I love Seattle. We moved here from the Midwest via New Zealand, and I couldn't be happier. There's no other way to put it: Seattle is gorgeous.
We have a huge working port, ship yards, and the Chittenden Locks to stoke small people's curious minds (and, you know, mine.) A volcano in the distance. Mountains all around. Beaches and playgrounds and parks for days.
Within walking distance of my house, there's a small intersection from which I can look east to the Cascade Mountains, west to the Olympic Mountains, and south to the Puget Sound. Who needs to choose between mountains and the sea? We have both!
Seattle boasts a lively music scene. And coffee shops. And child-friendly, dog-friendlier businesses. And the REI flagship store.
Within walking distance of my house, I have Secret Garden Books, my great independent book store:
And the Ballard Branch of the amazing Seattle Public Library:
Yeah, it has a "green roof!" Seattle is one of America's greenest cities. We recycle and compost and bike everywhere. We stay out of our cars whenever possible. We're building more greenways, working on better public transportation, and using smart energy.
Seattle's politics are great, too. Like every city, we have our problems, but it's a mostly live-and-let-live city.

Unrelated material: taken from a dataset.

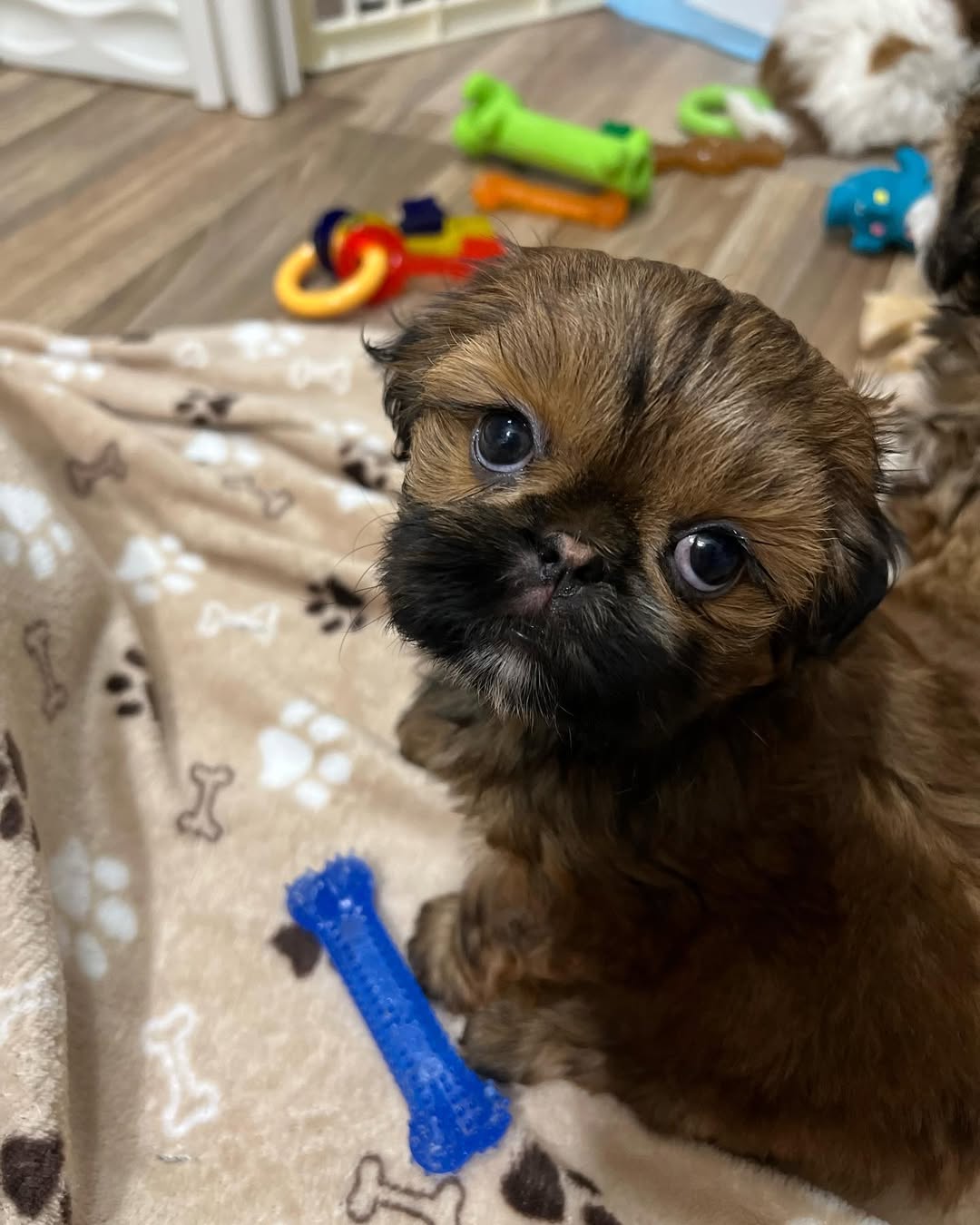 Gallery image 4 of Luna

Socially, Seattle is super liberal. People keep their religion to themselves. I love all of these things.
I'm not saying Seattle is the best [insert accolade here] in the whole world. You might be happier somewhere else.
But when family begged us to come home, all I could think was, "We are home." We're working to ensure our family and our home are prepared for a massive earthquake, but in the mean time, we're living. And happy*.

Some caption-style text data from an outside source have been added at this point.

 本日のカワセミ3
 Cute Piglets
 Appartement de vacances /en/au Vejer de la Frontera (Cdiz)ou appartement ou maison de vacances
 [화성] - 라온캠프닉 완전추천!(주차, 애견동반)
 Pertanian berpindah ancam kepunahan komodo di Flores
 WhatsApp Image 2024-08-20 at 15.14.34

*Except when I think about Kathryn Schulz's demonstrative earthquake exercise. Here, you can play along at home:
"Take your hands and hold them palms down, middle fingertips touching. Your right hand represents the North American tectonic plate, which bears on its back, among other things, our entire continent, from One World Trade Center to the Space Needle, in Seattle. Your left hand represents an oceanic plate called Juan de Fuca, ninety thousand square miles in size. The place where they meet is the Cascadia subduction zone. Now slide your left hand under your right one. That is what the Juan de Fuca plate is doing: slipping steadily beneath North America. When you try it, your right hand will slide up your left arm, as if you were pushing up your sleeve. That is what North America is not doing. It is stuck, wedged tight against the surface of the other plate.

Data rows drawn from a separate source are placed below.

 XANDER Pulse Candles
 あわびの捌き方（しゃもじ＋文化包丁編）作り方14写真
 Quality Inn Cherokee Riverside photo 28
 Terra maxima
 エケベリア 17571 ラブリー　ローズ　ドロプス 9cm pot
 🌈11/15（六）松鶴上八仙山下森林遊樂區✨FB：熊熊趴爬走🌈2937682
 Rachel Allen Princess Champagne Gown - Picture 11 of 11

Without moving your hands, curl your right knuckles up, so that they point toward the ceiling. Under pressure from Juan de Fuca, the stuck edge of North America is bulging upward and compressing eastward, at the rate of, respectively, three to four millimetres and thirty to forty millimetres a year. It can do so for quite some time, because, as continent stuff goes, it is young, made of rock that is still relatively elastic. (Rocks, like us, get stiffer as they age.) But it cannot do so indefinitely. There is a backstop—the craton, that ancient unbudgeable mass at the center of the continent—and, sooner or later, North America will rebound like a spring. If, on that occasion, only the southern part of the Cascadia subduction zone gives way—your first two fingers, say—the magnitude of the resulting quake will be somewhere between 8.0 and 8.6.That’s the big one. If the entire zone gives way at once, an event that seismologists call a full-margin rupture, the magnitude will be somewhere between 8.7 and 9.2. That’s the very big one.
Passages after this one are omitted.